## [Work request]
In the listing that follows, give every line again exactly and omit the pictures.

## [Data excerpt]

-=-=-

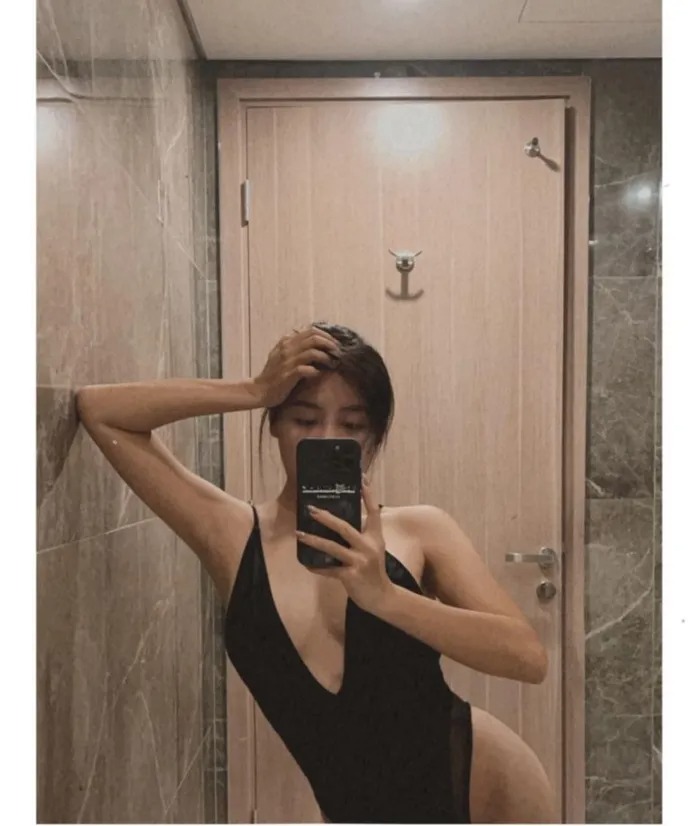 Văn Mai Hương biết cách để khoe lợi thế về hình thể của mình. Ảnh: IG Văn Mai Hương biết cách để khoe lợi thế về hình thể của mình. Ảnh: IG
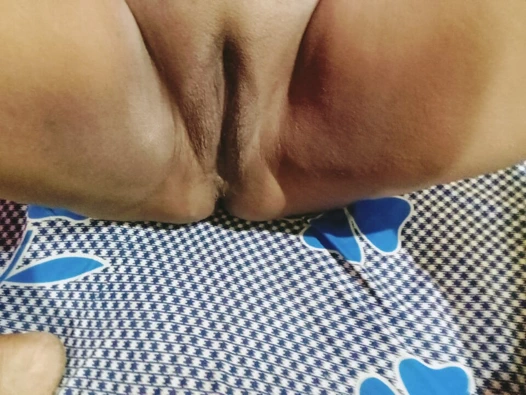 Hintli anne şişman amcığını sikiyor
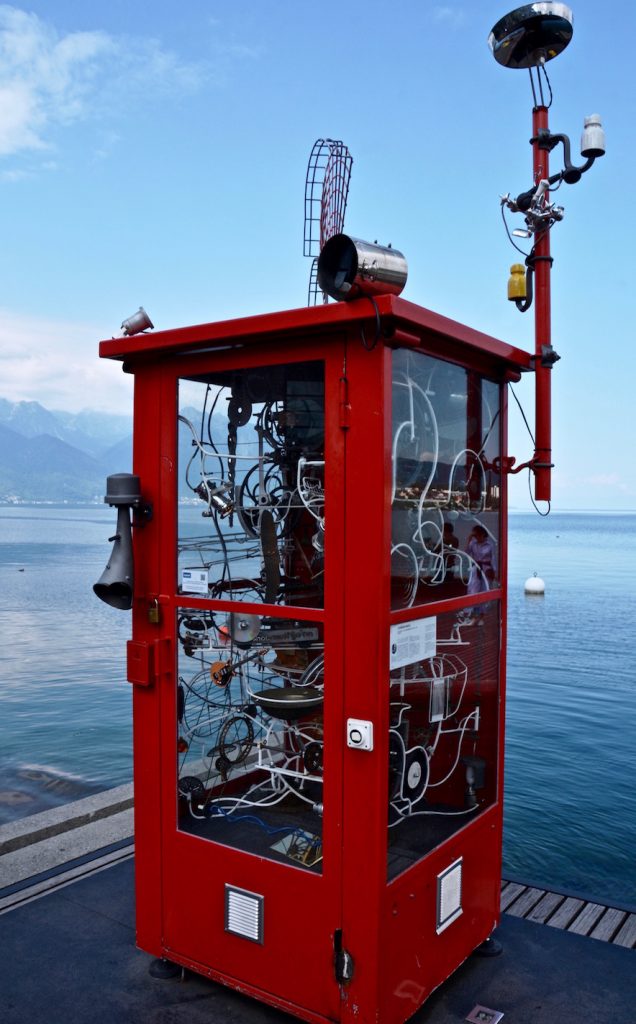 Telefooncel kunstwerk, Allô Claude, hommage voor Claude Nobs, Montreux Jazzfestival, lakeside promenade Montreux, Zwitserland, fietstour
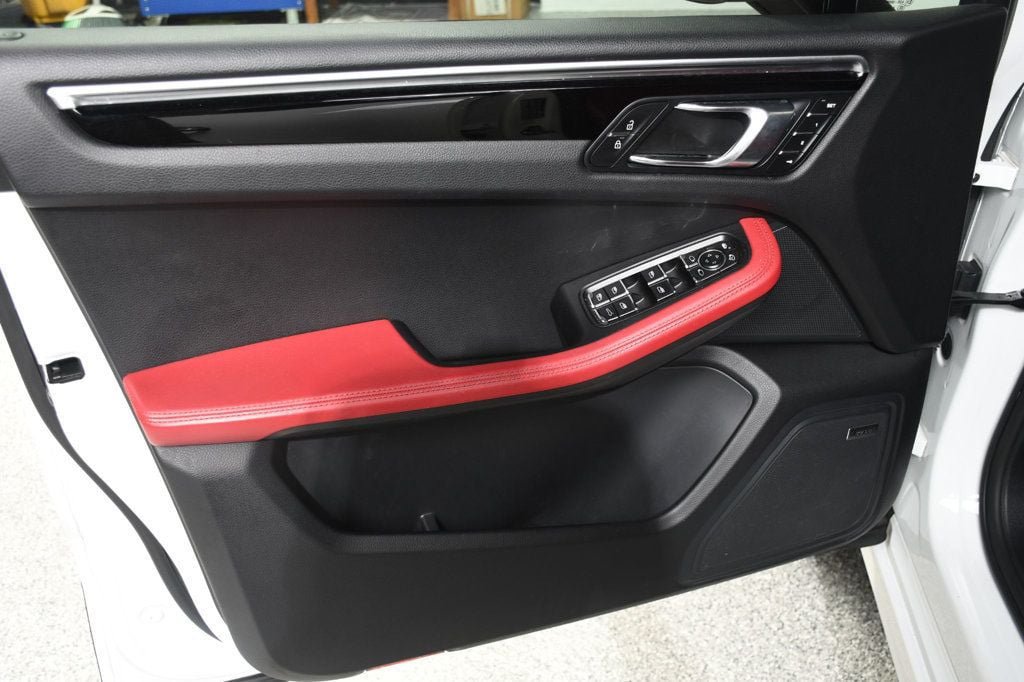 Used 2020 Porsche Macan S AWD/4WD image 22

-=-=-

## [Solution below]
 Văn Mai Hương biết cách để khoe lợi thế về hình thể của mình. Ảnh: IG Văn Mai Hương biết cách để khoe lợi thế về hình thể của mình. Ảnh: IG
 Hintli anne şişman amcığını sikiyor
 Telefooncel kunstwerk, Allô Claude, hommage voor Claude Nobs, Montreux Jazzfestival, lakeside promenade Montreux, Zwitserland, fietstour
 Used 2020 Porsche Macan S AWD/4WD image 22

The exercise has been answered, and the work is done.